> **Try it**: Reproduce exactly the run of lines that begins with the one containing "The Latin Lover′s Secret Child, Jane Porter" and ends with the last line of the records, omitting pictures.

Segment Start: Extracted entries

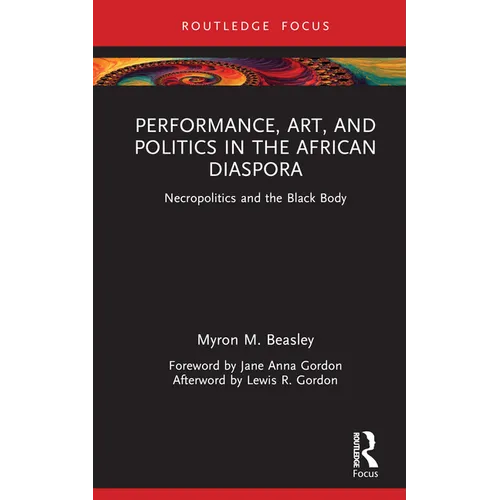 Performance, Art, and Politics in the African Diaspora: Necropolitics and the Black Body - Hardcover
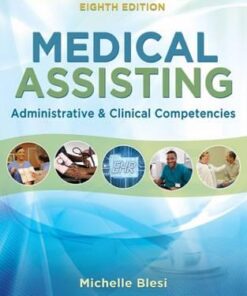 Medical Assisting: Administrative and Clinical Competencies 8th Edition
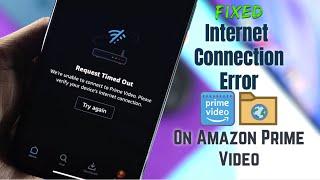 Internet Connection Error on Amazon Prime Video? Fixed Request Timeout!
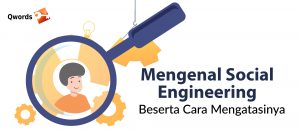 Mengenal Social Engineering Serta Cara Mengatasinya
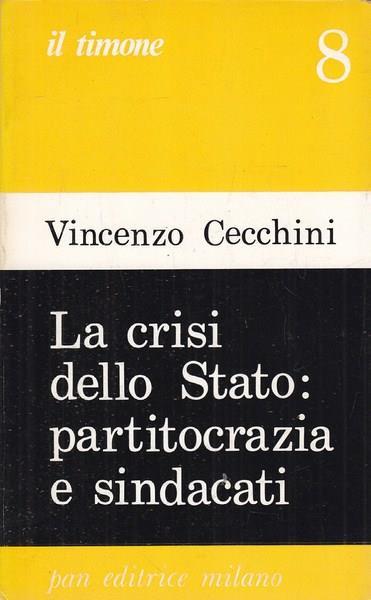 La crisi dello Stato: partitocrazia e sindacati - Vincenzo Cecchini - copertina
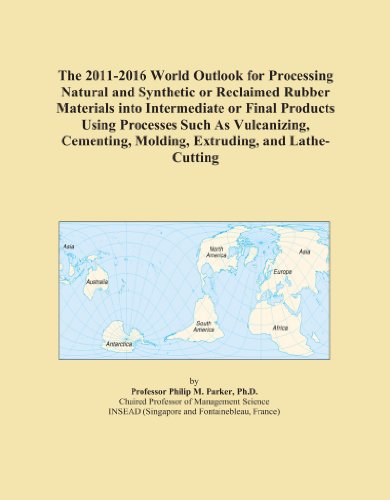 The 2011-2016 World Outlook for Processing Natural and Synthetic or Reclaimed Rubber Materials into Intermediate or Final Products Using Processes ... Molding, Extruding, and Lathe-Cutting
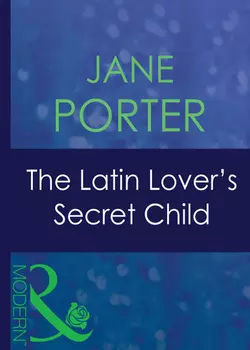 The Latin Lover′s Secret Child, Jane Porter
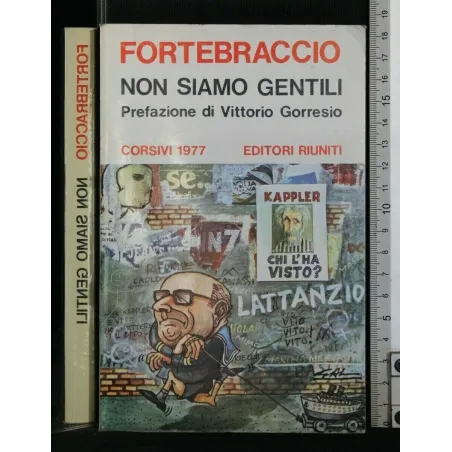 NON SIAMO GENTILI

Segment End: Extracted entries

> **Task solution**:
 The Latin Lover′s Secret Child, Jane Porter
 NON SIAMO GENTILI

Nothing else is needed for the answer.